Paycheck (John Woo, 2003) - The Woo-typical spark-frenzy action dominates the second half but an intriguing, if dated-looking, on-the-run/time travel mystery.

 Ghostbusters (Ivan Reitman, 1984) - Watched Ghostbusters for the first time properly and except for losing interest for a while there in the middle, it was fun. Murray's comedy is always great and it was a surprise to see Ernie Hudson in a pre-OZ role. Some dated effects, but the Marshmallow Man finale is epic.

 The Meaning of Life (Terry Jones, 1983) - Witty commentary on religion and conception, death and the afterlife, as well as some expectedly amusing songs, but some very tedious bits too. Very hit/miss. Doesn't stack up to Life of Brian or The Holy Grail. 
Satellite Boy (Catriona McKenzie, 2013)
A Place For Me (Josh Boone, 2013) - Pleasant indie drama looks at a family of writers in varying stages of success, who find themselves shaped by love/life experience. Alt-rock influenced soundtrack, a nice performance from an endearing Kinnear and likable Collins/Lerman chemistry lift it above some inertness and convenience.

Drift (Morgan O'Neil and Ben Nott, 2013) 

 Evil Dead (Fede Alvarez, 2013)

The Big Wedding (Justin Zackham, 2013) - Not the train wreck I expected. Courtesy of the classy veteran cast (De Niro and Keaton especially) there are enough inappropriate laughs and genuine relationships to keep one amused throughout, despite some the arcs (overstuffed and contrived) wallowing in heavy-handed silliness.

The Great Gatsby (Baz Luhrmann, 2013) - Despite glimpses of the heart and passion that truly drives Gatsby's dream, his elaborate front (Luhrmann's outrageous excess - the first party sequence is a test of your allegiance to his vision - and the terrible 3D) overwhelms any semblance of humanity. Dull narration, bland performances - except for Di Caprio and Debicki - a wasted s/track, and general visual incoherence tainted faithfulness. Caraway is such a passive nobody, with no hopes and dreams, that his continued idolization of Gatsby's romanticism and hope becomes tiring. My enjoyment came and went, I was reminded of my fondness for the novel, but this is a disappointing effort, overall.

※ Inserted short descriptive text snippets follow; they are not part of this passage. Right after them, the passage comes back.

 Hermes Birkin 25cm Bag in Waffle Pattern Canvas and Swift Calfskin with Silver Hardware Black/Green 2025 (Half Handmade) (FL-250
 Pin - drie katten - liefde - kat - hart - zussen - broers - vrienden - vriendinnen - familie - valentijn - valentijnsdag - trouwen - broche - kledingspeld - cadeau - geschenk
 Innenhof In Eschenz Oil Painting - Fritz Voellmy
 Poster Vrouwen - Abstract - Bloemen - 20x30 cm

We Steal Secrets: The Story of Wikileaks (Alex Gibney, 2013) - A sprawling data-heavy exposé on much more than Assange and his creation. The extensive work is impressive and Gibney has traced a lot of avenues to put this mess into some order and tried inventive ways to spruce up the material. The immorality of deciding what to publicly reveal and keep harboured up is a provocative angle, and with Assange gallivanting around Norfolk with future Australian government aspirations and Manning suffering from dire treatment in prison, viewers will leave divided on whether this is justice. But, having processed so much information and felt next-to-nothing, this emotionally vacant doco falls well short of Gibney’s best work, losing focus by following tangents that are interesting but limit the film's overall impact.

Mistaken For Strangers (Tom Berninger, 2013) - Backstage groupie POV of The National's tour of Europe becomes director's self-reflexive study of himself and the creative process. Tom is both a frustrating and sympathetic character as we see him struggle to find and accept his place, and break out of the shadow of big bro.

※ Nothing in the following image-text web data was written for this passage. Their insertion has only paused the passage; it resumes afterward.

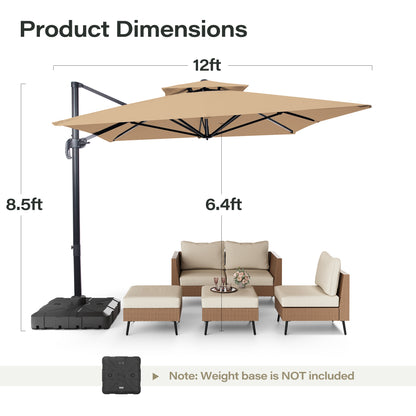 9x12FT Rectangular Large Cantilever Umbrella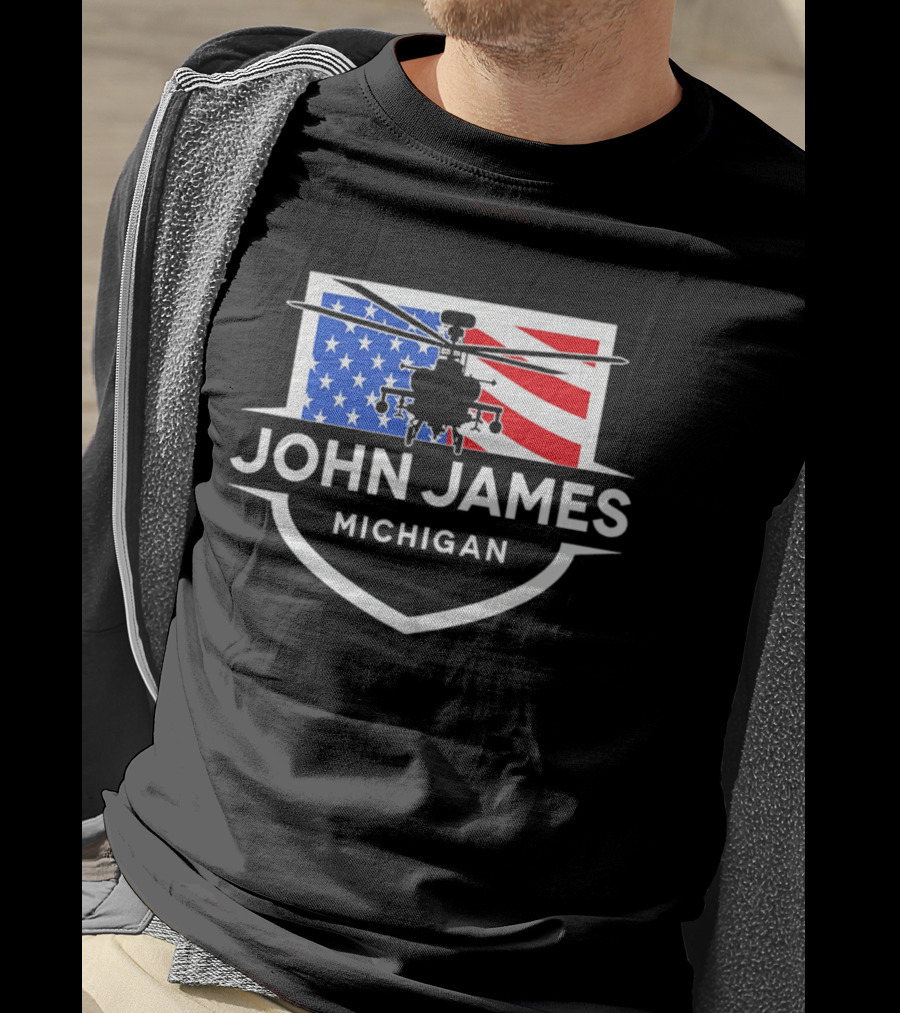 John James Michigan American Flag Helicopter T-Shirt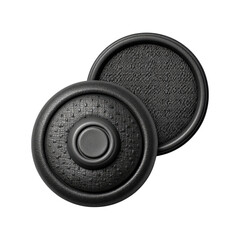 Black speaker component with textured finish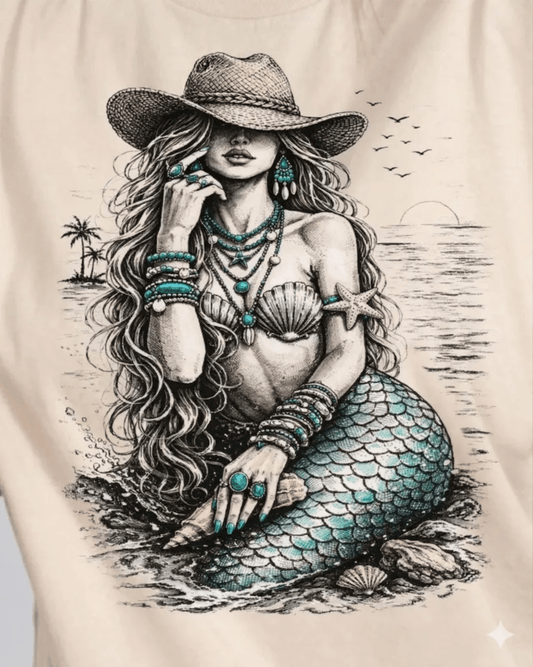 RTS COWGIRL MERMAID SEASHELLS BEACH DTF DIRECT TO FILM transfers ADULT 10X11.5 - Do it yourself Transfers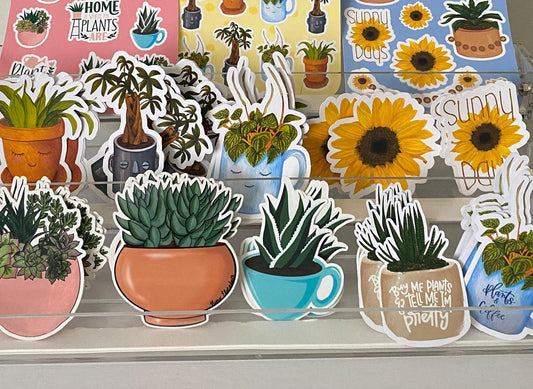 Mystery Plant Sticker Bundle  - 5 Plant sticker, Plant Mom Sticker, Laptop Sticker, Water Bottle Sticker, Set of 5 Stickers, Surprise Bundle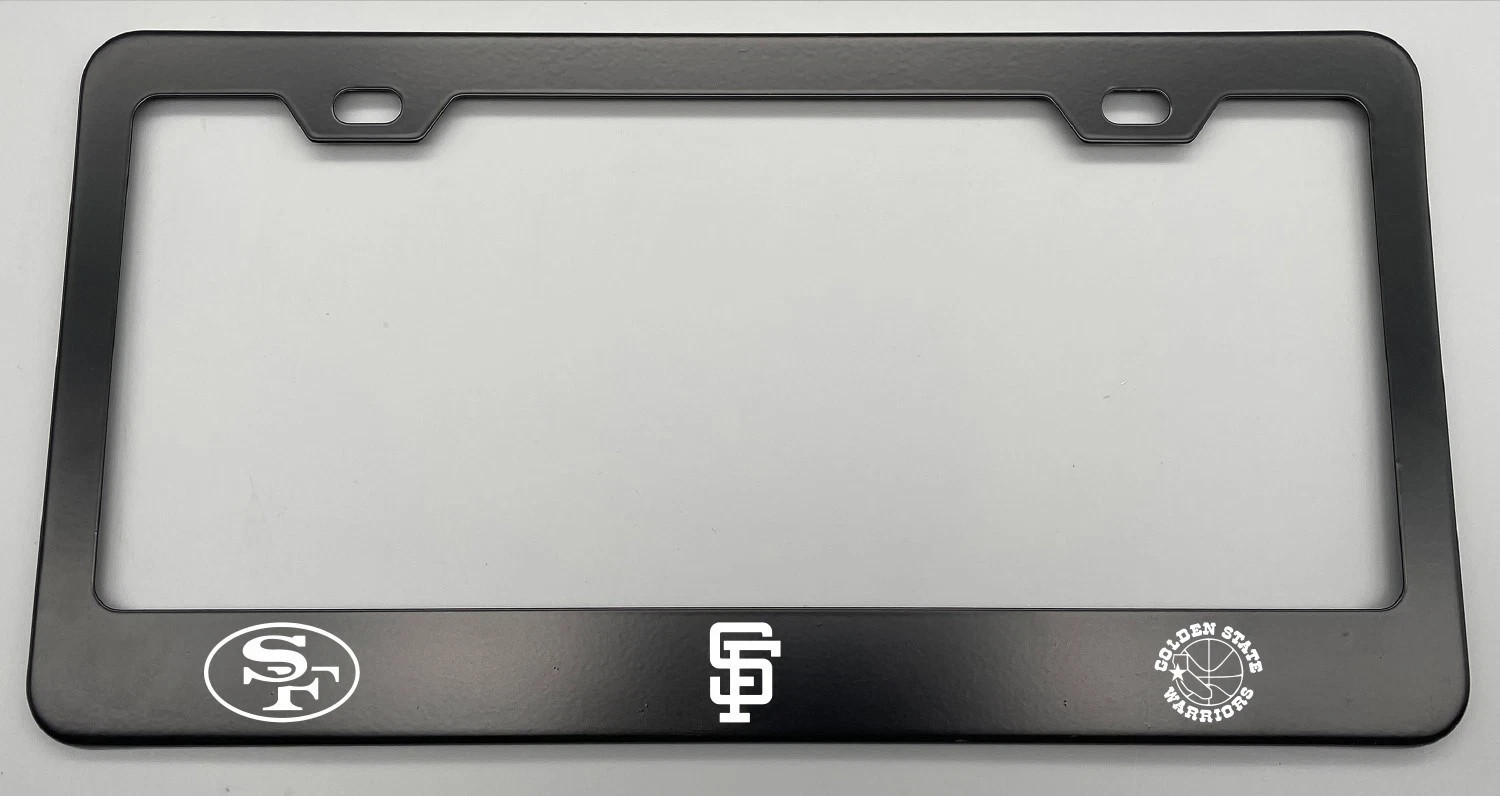 Custom Laser Engraved Black License Plate Frame  SF San Francisco Giant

Greetings From Tim Buckley (Daniel Algrant, 2013) - As son Jeff prepares to participate in a tribute concert to late father, we get glimpses of Tim's short career. I wish the whole film had as much passion as the final performances. The portrayals aren't exactly flattering but Jeff's spontaneous talent is engaging.

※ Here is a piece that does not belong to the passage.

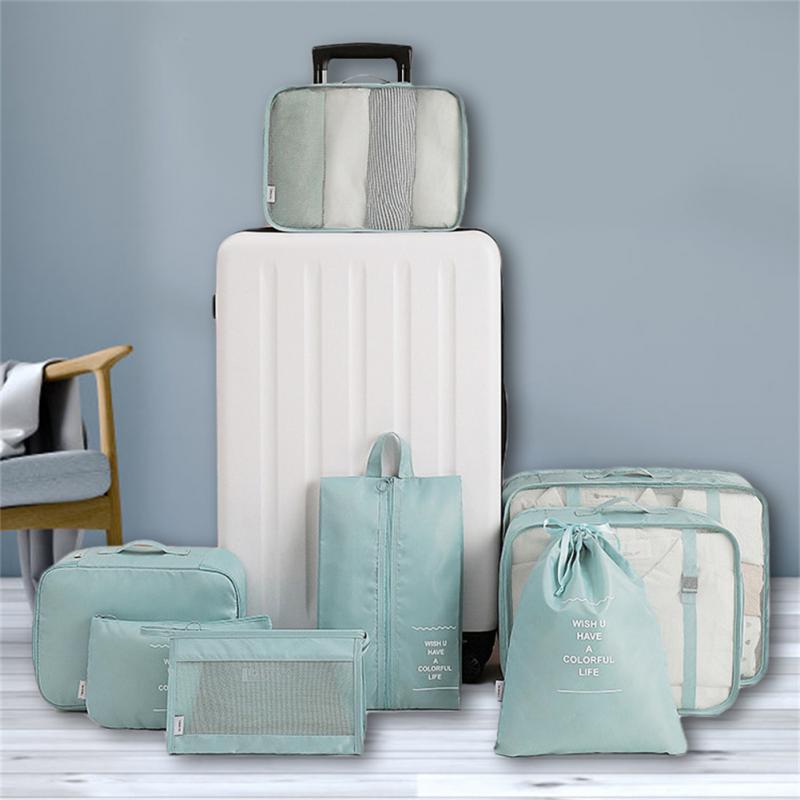 8-piece Set Luggage Divider Bag Travel Storage Clothes Underwear Shoes Organizer Packing Cube Bag - Image 6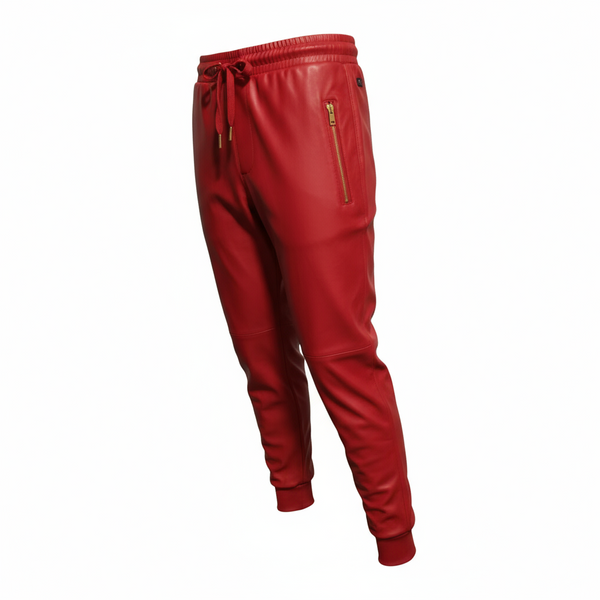 *WELL ESTABLISHED* (RED PLEATHER) •JOGGER PANTS•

Woyzeck (Werner Herzog, 1979) -  Kinski is out of control in unnerving lesser-Herzog, story of an oppressed, psychologically-scarred soldier's streak of madness. Even at 82 minutes, and big gaps in the plot, WOYZECK seemed to drag on.

Snitch (Ric Roman Waugh, 2013)

The Hangover Part III (Todd Phillips, 2013) - The Hangover Part II was pretty much a straight-up rehash of the first film, and even that was more inventive than Part III. Horrifying.


There Will Be Blood (Paul Thomas Anderson, 2007) - One of the greatest films EVER.

Valhalla Rising (Nicolas Winding Refn, 2009) - Grubby-stylish primeval spiritual odyssey feels like it is set on another planet. Mikkelsen compels without saying a word.